There are four legends concerning Prometheus. [The Complete Stories, New York, 1971, p. 432, last sentence changed to present.]
[Kafka did not give this piece a title, but the title follows directly from the first words. The myth or legend of Prometheus has been a popular literary motif since antiquity. There are various versions of the myth, but they differ only in additions and extensions. So why does Kafka speak of four legends? If one examines them carefully, which we will do in the following, but argues only critically-rationally, as some interpreters do, then one finds only a series of contradictions between the four versions, which are then understood in such a way that here the classical motif is deformed and dissolved, which leads to disorientation instead of the appearance of truth in the myth. If one thinks of the two attitudes described by Kafka in Up in the Gallery, then such an interpretation resembles the attitude in the first part, which must at least be supplemented by the attitude in the second part in order to come closer to the truth. This will now be attempted].

Nach der ersten wurde er weil er die Götter an die Menschen verraten hatte am Kaukasus festgeschmiedet und die Götter schickten Adler, die von seiner immer nachwachsenden Leber frassen.
According to the first he was clamped to a rock in the Caucasus for betraying the secrets of the gods to men, and the gods sent eagles to feed on his liver, which was perpetually renewed.
[The first legend largely follows the tradition, but with differences. The most important is that in Kafka only the punishment of Prometheus is described. That which is otherwise central, his deeds, his standing up for humans against the gods, is completely missing and is only addressed negatively as betrayal. This is in stark contrast to Goethe's well-known poem of the same name, where the circumstances are exactly reversed. In Goethe, the punishment is not mentioned at all.
The sentence is clearly structured. The assignment of the acting subjects is already clear through this structure. Prometheus and the gods face each other as the subjects of the two main clauses, the former characteristically in the passive voice. Only in the subordinate clause is he the active subject, however, of a negatively valued action. The eagles (in the classical tradition there is one) are the subject of a subordinate clause, corresponding to their subordination to the gods. Described is a dramatic process of betrayal and retribution, the latter seemingly indefinite, as the "always" implies. This corresponds to the classical tradition, which, however, also knows an end of Prometheus' torment in two versions].

Nach der zweiten drückte sich Prometheus im Schmerz vor den zuhackenden Schnäbeln immer tiefer in den Felsen bis er mit ihm eins wurde.
According to the second Prometheus, goaded by the pain of the tearing beaks, pressed himself deeper and deeper into the rock until he became one with it.
[This ending is also the subject of Kafka's second legend, but in a form that the classical tradition does not know. One can see here a contradiction to the "always" in the first legend and thus in the second a different legend that is incompatible with the first. However, in the first legend, Kafka avoided referring the "always" unambiguously to the punishment, which would imply its indefinite continuation.
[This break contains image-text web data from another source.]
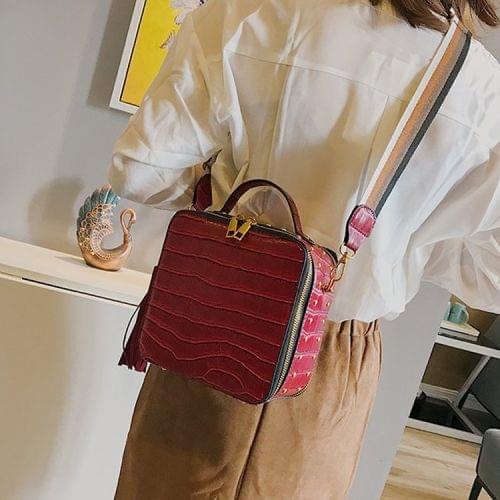 Crocodile Box Style PU Leather Single Shoulder Bag Ladies Handbag Messenger Bag (Red)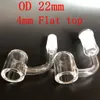 4mm tjock platta topp kvarts banger domeless Quartz Nail 10mm 14mm 18mm Man Kvinna 45/90 grader 100% Real Quartz Banger Nails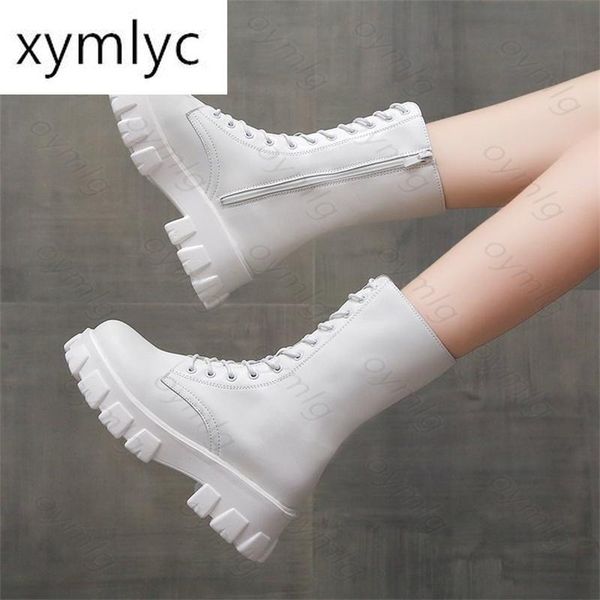 

boots 2021 mid calf women autumn winter fashion lace-up zipper botas mujer sports platform heel ladies shoes, Black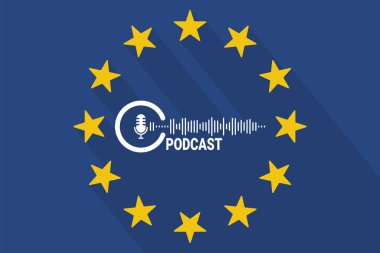 Avrupa Birliği Podcast Tasarımı Bayrak Arkaplanında Uzun Gölgeli.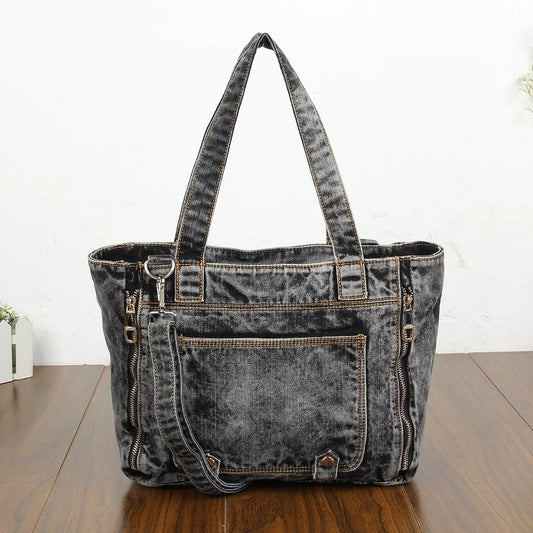 Brand New*** - Casual Fashion Zipper Women's Trendy Design Denim Tote Bag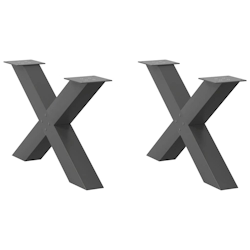 vidaXL Couchtischbeine X-Form 2 Stk. Anthrazit 70x(42-43) cm Stahl Image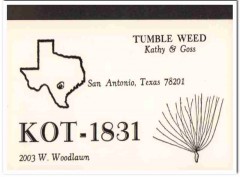 KOT-1831 Manford Goss San Antonio Texas 1960s Vintage Postcard CB QSL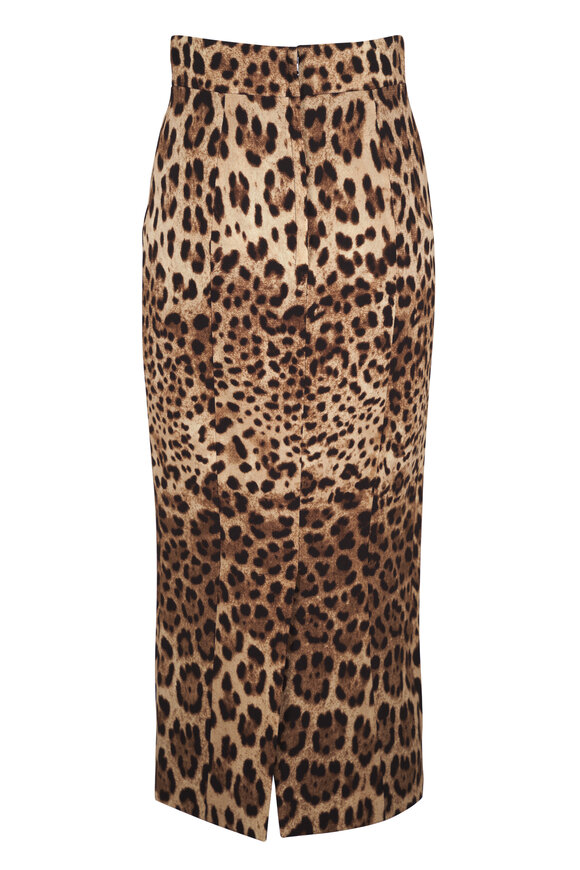 Dolce & Gabbana Light Brown Animal Print Wool Crepe Pencil Skirt - view 2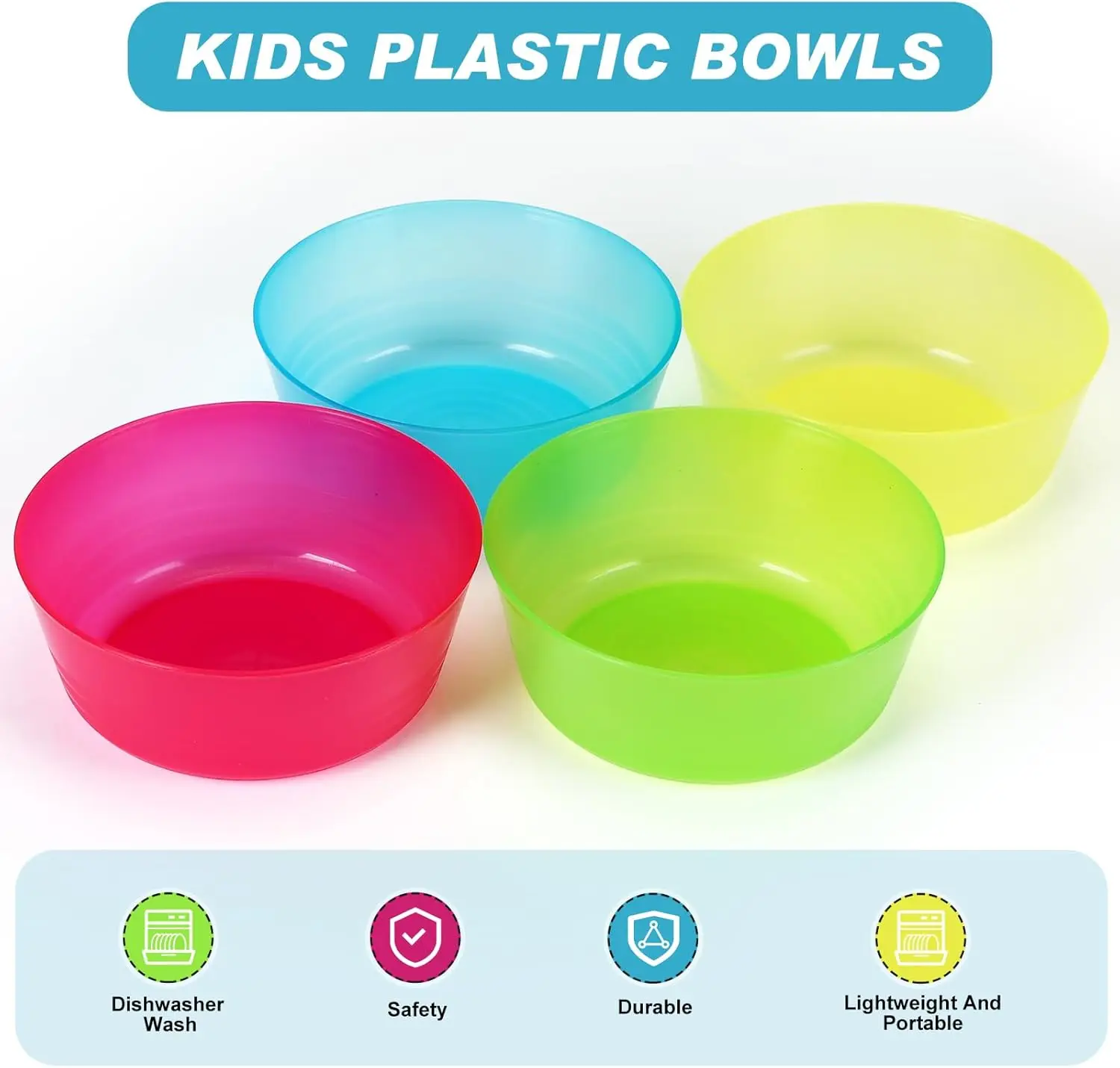 96 قطعة أطباق بلاستيكية للأطفال 14 أونصة أوعية حبوب صغيرة ملونة زاهية لغسالة الأطباق والميكروويف آمنة للأطفال الصغار أدوات مائدة للوجبات الخفيفة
Therefore, if one gets away from the idea that the second is a different Prometheus legend, one can certainly understand this second one as the next stage of an ongoing development. It describes the reaction of Prometheus to the cruel event. Here he now becomes active, but in such a way that this ends in the extreme passivity of petrification.

Nach der dritten wurde in den Jahrtausenden sein Verrat vergessen, die Götter vergassßen, die Adler, er selbst.
According to the third his treachery was forgotten in the course of thousands of years, forgotten by the gods, the eagles, forgotten by himself.
[Here the story continues. At least, if one follows the movement of the narrative and does not emphasize the contradiction that the one who has become rock still appears here as "himself". With a time lapse often found in Kafka, we now survey thousands of years in which everything ends in a general oblivion. Even the three actors who faced each other in a dramatic event in the first legend are now united in this oblivion].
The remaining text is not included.